Pedestrian-Involved Fatal Crashes and Walk Score
As someone with a personal interest in urbanism and transportation, Walk Score has been a fun tool with which to compare different U.S. cities. When I discovered that the National Highway Traffic Safety Administration maintains an annually updated database of deadly car crashes, I wanted to see whether or not it is reasonable to draw a relationship between the Walk Score index and fatal collisions involving pedestrians. I also wanted to try my hand at applying skills learned in a semester in DS 1000 at Vanderbilt. I stumbled upon a paper that performs a much more thorough (and probably more useful) examination of the same question, though I don’t believe it uses Walk Score. Refer to the following auto-generated citation if you are interested in that:
Behram Wali, Lawrence D. Frank, Redefining walkability to capture safety: Investing in pedestrian, bike, and street level design features to make it safe to walk and bike, Transportation Research Part A: Policy and Practice, Volume 181, 2024, 103968, ISSN 0965-8564, https://doi.org/10.1016/j.tra.2024.103968 (https://www.sciencedirect.com/science/article/pii/S0965856424000168)
All the files involved in my process are available on the project’s dedicated GitHub repo here.
Introduction
Why, What, and How
Walkability advocates constructed Walk Score, available at walkscore.com, as a measurement of the quality of pedestrian-centered infrastructure in cities. Walk Score achieves this by integrating data points like walking times to desired amenities, population and intersection density, and the length of each city block. While Walk Score reflects the convenience of the built environment for walkers and rollers, the same factors are intertwined with implications for road safety. When urban planners make pedestrian-convenient city streets and sidewalks, this usually includes features that prevent lethal collisions with motor vehicles. Additionally, drivers may adjust their behavior to reflect increased foot traffic. Using data from the 2022 U.S. National Highway Traffic Safety Administration’s Fatality Analysis Reporting System, the relationship between the conveniences represented by Walk Score and fatal collisions between pedestrians and drivers can be measured and understood.

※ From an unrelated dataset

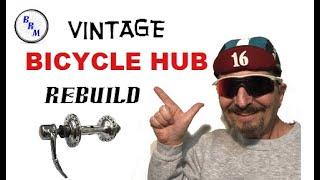 Vintage Bicycle Hub Rebuild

Fatal Crashes Involving Pedestrians
Here, the accident
csv file detailing data for all fatal car accidents
in the U.S. was filtered to include only cases appearing within the
pbtype
file, which focuses on details pertaining specifically to
accidents between pedestrians and automobiles. Both came from the 2022
NTHSA FARS database
(https://www.nhtsa.gov/research-data/fatality-analysis-reporting-system-fars).
pbtype
was first filtered via the PEDCTYPE
column to remove
incidents not involving true pedestrians (i.e., cyclists).
require(tidyverse)
ped_crash <- pbtype %>%
filter(PEDCTYPE!=0)
ped_crash_acc <- accident %>%
filter(ST_CASE %in% ped_crash$ST_CASE)
Creating a Clean Data Frame Incorporating Walk Score and City Data with FARS data
The “US Cities Urban Connectivity” dataset by VivianEllis on Kaggle (doi.org/10.34740/kaggle/dsv/7816051) includes information on 100 cities, all of which have populations over 200,000, and their convenience for publicly accessible transportation option. Its inclusion of Walk Score and 2022 population numbers are useful for this project. To merge this data with the FARS data, some cleaning and reformatting was necessary.
require(usdata)
# Trimming nonrelevant info + matching records
most_pop_cities <- urban_connectivity %>%
select(City, State, Population_2022_Census, Place_name, 'Walk Score') %>%
mutate(City = replace(City, City == "Washington D.C.", "Washington")) %>%
mutate(City = replace(City, City == "Boise City", "Boise")) %>%
mutate(City = replace(City, City == "St. Petersburg", "Saint Petersburg")) %>%
mutate(City = replace(City, City == "Lexington", "Lexington-Fayette")) %>%
mutate(Place_name = replace(Place_name, Place_name == "St. Petersburg, FL", "Saint Petersburg, FL")) %>%
mutate(Place_name = replace(Place_name, Place_name == "Irvine, CA", "East Irvine, CA")) %>%
mutate(Place_name = replace(Place_name, Place_name == "Charlotte/Mecklenburg, NC", "Charlotte, NC"))%>%
mutate(Place_name = replace(Place_name, Place_name == "Nashville/Davidson, TN", "Nashville, TN")) %>%
mutate(Place_name = replace(Place_name, Place_name == "Lexington/Fayette, KY", "Lexington-Fayette, KY"))%>%
arrange(-Population_2022_Census) %>%
head(102) %>%
rename(WalkScore = "Walk Score")
# Selecting cities appearing within both datasets
ped_crash_acc <- ped_crash_acc %>%
filter((state2abbr(STATENAME) %in% most_pop_cities$State & tolower(CITYNAME) %in% tolower(most_pop_cities$City))) %>%
mutate(STATEAB = state2abbr(STATENAME)) %>%
mutate(CITYNAME = replace(CITYNAME, CITYNAME == "East Irvine", "Irvine"))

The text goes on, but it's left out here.